- **Material supplied**
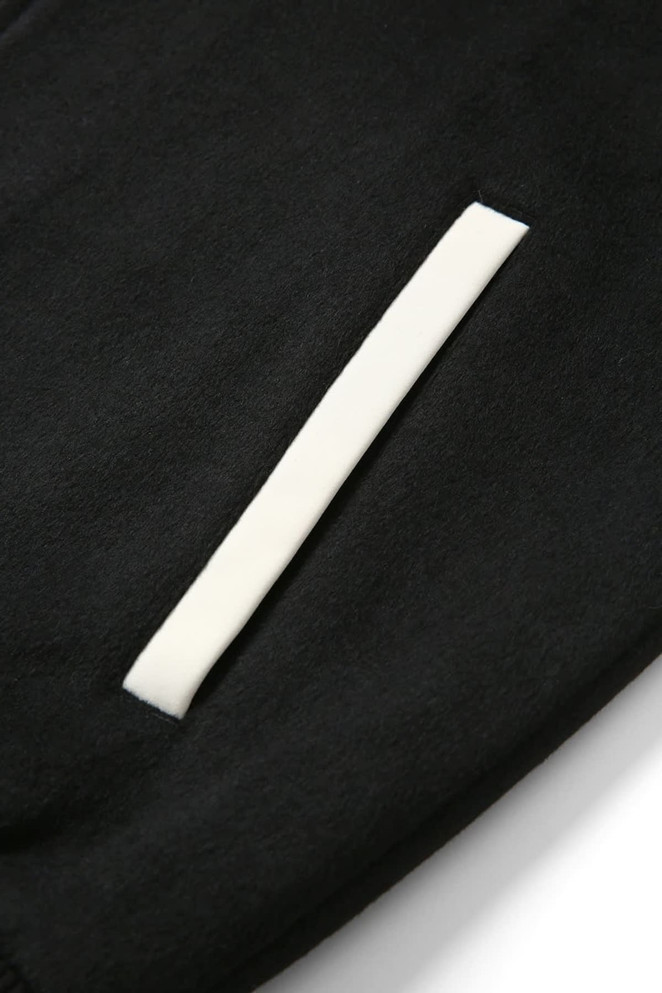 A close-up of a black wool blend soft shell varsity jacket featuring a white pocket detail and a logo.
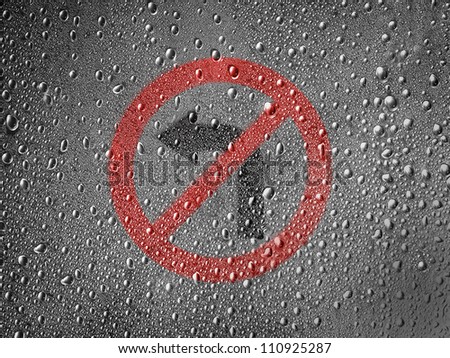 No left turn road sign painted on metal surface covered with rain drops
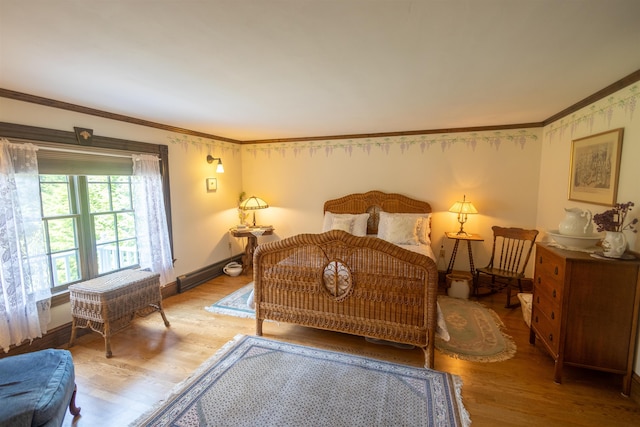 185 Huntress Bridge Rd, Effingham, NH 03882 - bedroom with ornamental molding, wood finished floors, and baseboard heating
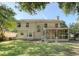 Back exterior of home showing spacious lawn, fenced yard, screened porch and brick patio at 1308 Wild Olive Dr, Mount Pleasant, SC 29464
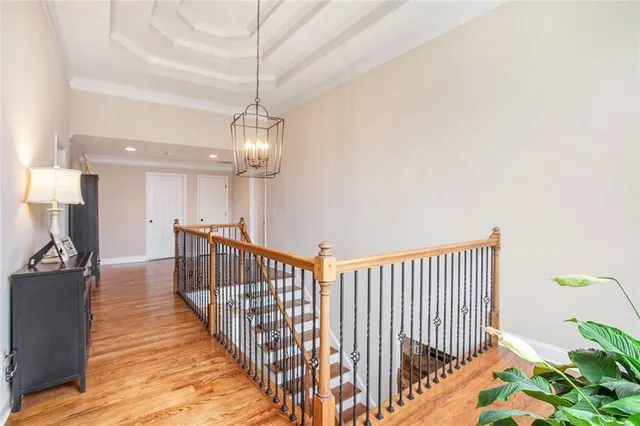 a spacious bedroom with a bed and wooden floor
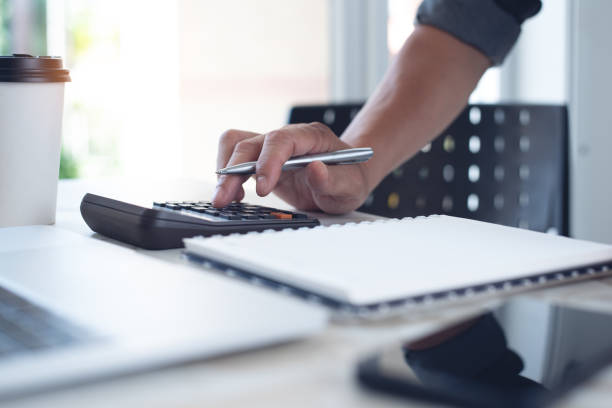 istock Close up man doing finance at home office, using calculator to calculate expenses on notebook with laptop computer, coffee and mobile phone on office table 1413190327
--
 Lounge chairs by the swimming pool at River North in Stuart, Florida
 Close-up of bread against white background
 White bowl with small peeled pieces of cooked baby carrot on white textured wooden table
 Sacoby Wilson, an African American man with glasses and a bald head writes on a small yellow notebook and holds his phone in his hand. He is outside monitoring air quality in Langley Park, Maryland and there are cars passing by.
---
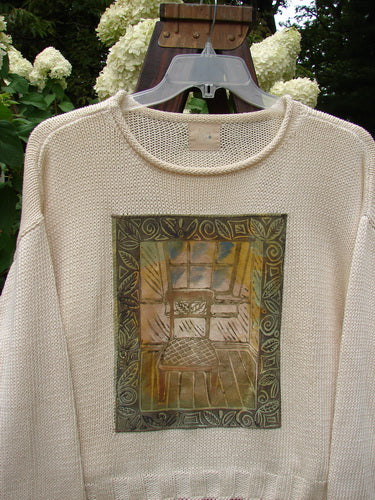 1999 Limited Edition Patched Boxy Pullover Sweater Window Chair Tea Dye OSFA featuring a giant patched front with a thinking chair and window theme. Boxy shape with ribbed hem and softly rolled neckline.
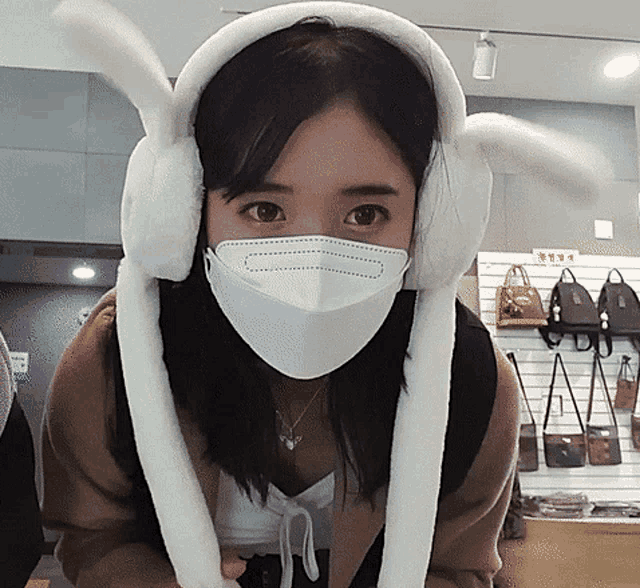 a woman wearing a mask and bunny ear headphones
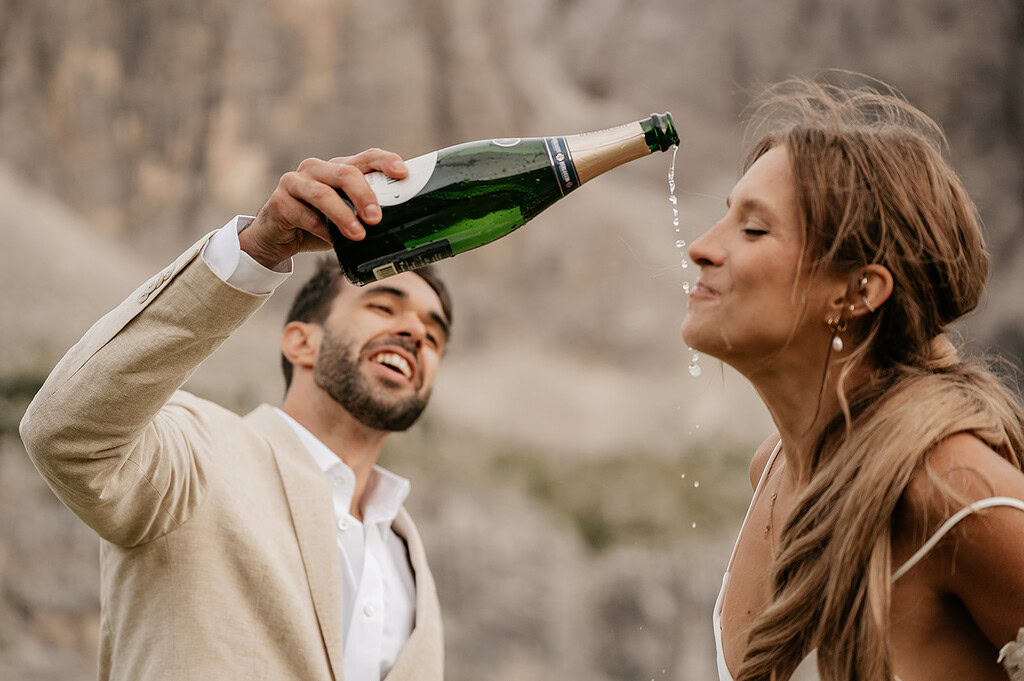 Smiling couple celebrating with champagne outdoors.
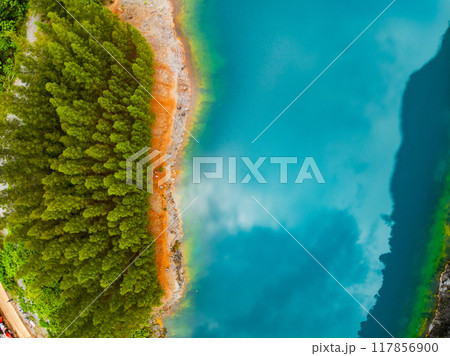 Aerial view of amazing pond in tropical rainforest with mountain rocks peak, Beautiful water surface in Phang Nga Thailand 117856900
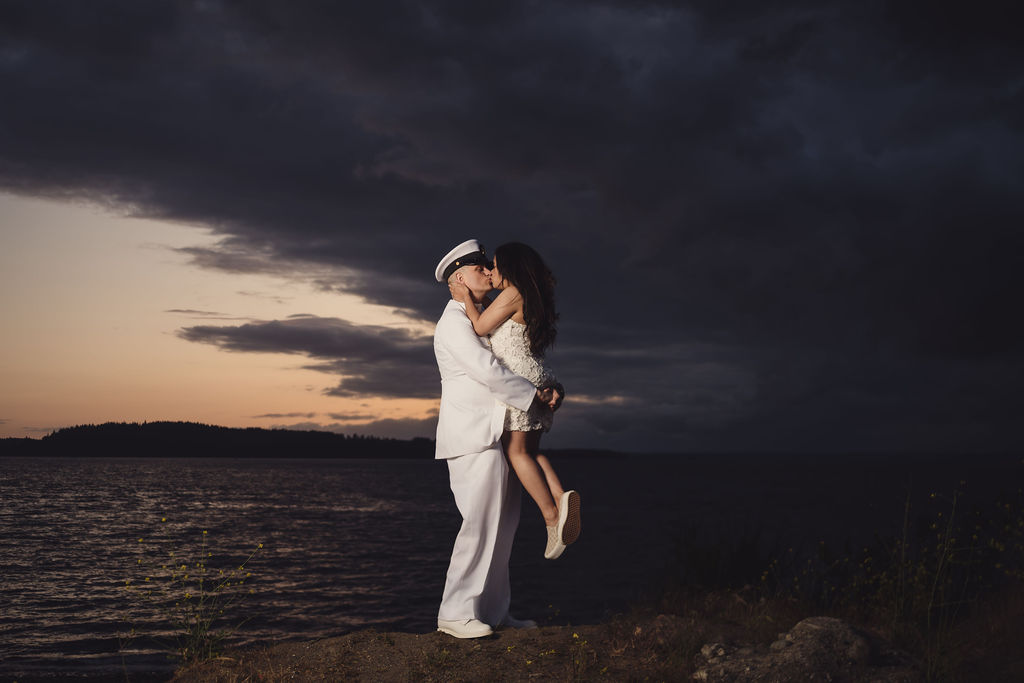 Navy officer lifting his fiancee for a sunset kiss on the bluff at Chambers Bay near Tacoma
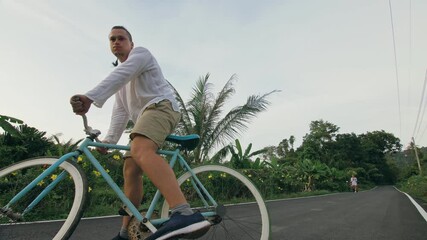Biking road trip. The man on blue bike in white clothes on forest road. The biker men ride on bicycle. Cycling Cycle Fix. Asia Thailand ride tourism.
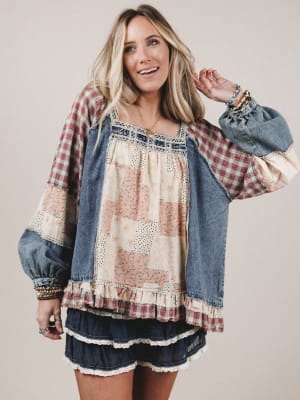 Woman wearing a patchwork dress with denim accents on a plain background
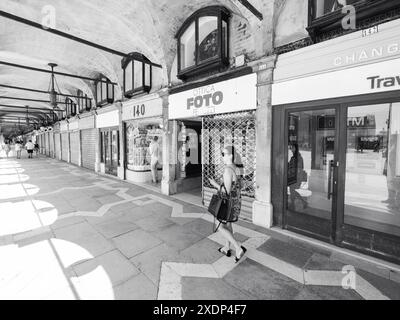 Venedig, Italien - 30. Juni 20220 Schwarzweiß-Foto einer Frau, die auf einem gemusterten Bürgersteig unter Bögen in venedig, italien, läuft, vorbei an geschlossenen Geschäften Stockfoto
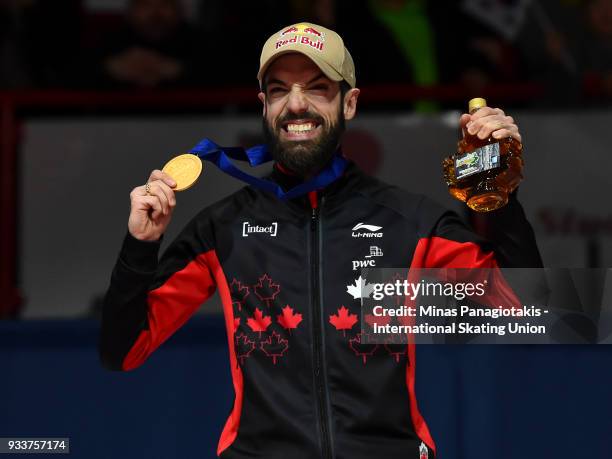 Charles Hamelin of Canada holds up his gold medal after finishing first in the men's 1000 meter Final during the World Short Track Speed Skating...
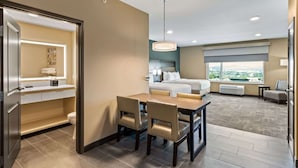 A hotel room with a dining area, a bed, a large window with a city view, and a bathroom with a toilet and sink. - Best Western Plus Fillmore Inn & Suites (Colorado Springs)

- **To do**
A word-for-word reproduction is needed of the lines above from the line containing "a spacious bedroom" through the line containing "istock Close up", with both ends kept and no pictures.

- **Solution**
 a spacious bedroom with a bed and wooden floor
 istock Close up man doing finance at home office, using calculator to calculate expenses on notebook with laptop computer, coffee and mobile phone on office table 1413190327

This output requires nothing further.